For patients presenting with iatrogenic neuropathy, depending upon mechanism and duration of the cause of the neuropathy, various management strategies are recommended.64 As with other iatrogenic neuropathies, acute medical management may be appropriate. This can involve step down steroids (prednisolone 50, 40, 30, 20 and 0 mg over five days) and non-steroidal anti-inflammatories (NSAIDs) (ibuprofen 600 mg QDS), in addition vitamin B complex injections.3,68,69,70 Treatment of post-surgical neuropathy does not have recommended evidence-based care and is usually managed symptomatically using systemic medications which can cause a plethora of complications and are often poorly tolerated by the patient. A topical approach to treating patients with chronic neuropathic orofacial pain may be more useful for such cases, especially in the avoidance of side effects. Such topical treatment may include the use of topical lidocaine patches,71 topical capsaicin,72,73 and topical local anaesthetic creams.74,75 Whilst there is some evidence that these topical methods provide pain relief, additional large controlled clinical trials are required in order to provide further clinical evidence for their use in pain management and to monitor any side effects of using these topical methods.71,76,77

This study did not endeavour to analyse the differences between clinical presentation of iatrogenic versus other causes. Further research would benefit clinicians in identifying pain history, clinical, neurological and psychological differences between various causes of trigeminal neuropathy.

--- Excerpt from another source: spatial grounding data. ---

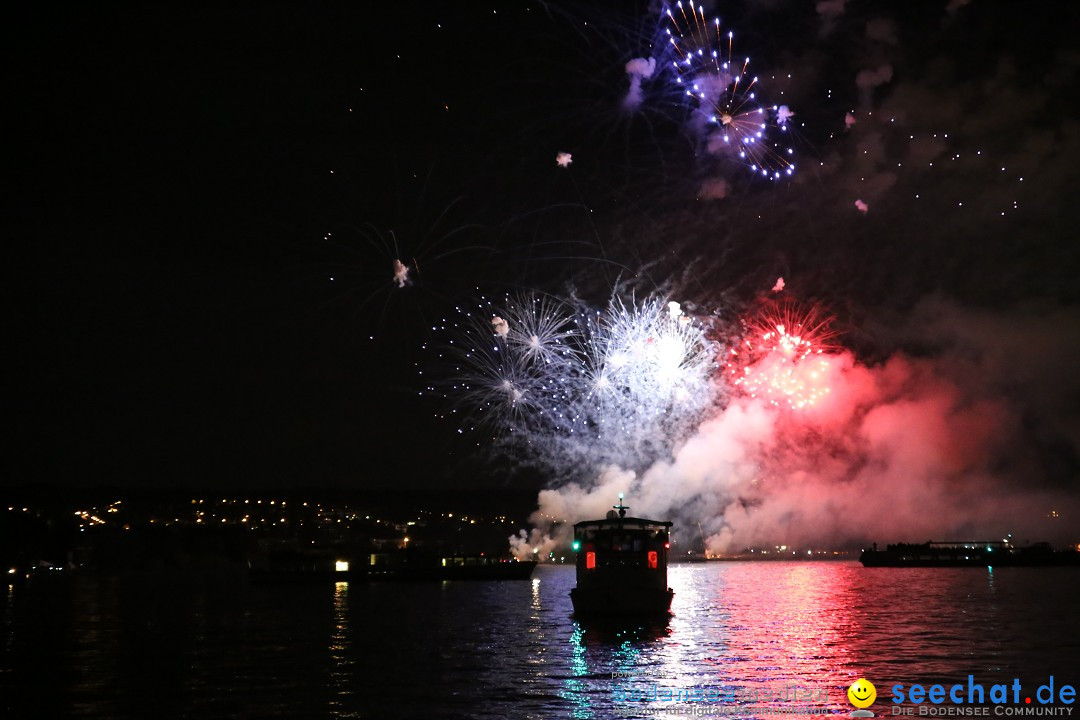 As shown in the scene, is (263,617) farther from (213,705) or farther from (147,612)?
(213,705)

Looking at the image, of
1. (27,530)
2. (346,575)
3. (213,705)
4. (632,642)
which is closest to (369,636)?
(632,642)

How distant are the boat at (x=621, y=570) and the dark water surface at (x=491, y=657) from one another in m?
1.90

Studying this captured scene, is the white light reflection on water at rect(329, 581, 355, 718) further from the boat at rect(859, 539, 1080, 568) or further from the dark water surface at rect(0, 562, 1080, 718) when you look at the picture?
the boat at rect(859, 539, 1080, 568)

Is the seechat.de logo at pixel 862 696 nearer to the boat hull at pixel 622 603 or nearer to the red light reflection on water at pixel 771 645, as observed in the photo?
the red light reflection on water at pixel 771 645

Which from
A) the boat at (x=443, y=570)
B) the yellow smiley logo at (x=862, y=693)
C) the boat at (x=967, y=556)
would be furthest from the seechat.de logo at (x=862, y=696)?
the boat at (x=967, y=556)

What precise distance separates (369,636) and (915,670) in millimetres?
26069

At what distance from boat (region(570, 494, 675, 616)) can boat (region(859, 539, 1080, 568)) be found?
13601 cm

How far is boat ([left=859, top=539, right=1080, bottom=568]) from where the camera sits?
184500mm

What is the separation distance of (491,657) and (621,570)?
21.1m

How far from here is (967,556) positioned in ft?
609

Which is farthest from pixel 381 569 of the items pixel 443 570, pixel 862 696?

This patient case series emphasises that iatrogenic causes for trigeminal neuropathy are more common than most clinicians realise. If there is no recent surgical event and dental pathology has been excluded, then systemic medical conditions and neoplasia must be considered. Prompt referral to medical specialty (preferably neurology) via the GMP is advised.

Summary

This paper reports on a case series of patients presenting with trigeminal neuropathy in eight years to a specialist trigeminal neuropathy dental service. It is highlighted that the majority of these neuropathies are iatrogenic in nature and rarely caused by neoplasias or other medical conditions. However, an appropriate assessment and, most importantly, thorough history will enlighten the treating clinician and enable appropriate investigations and referral, significantly improving the outcome for these patients.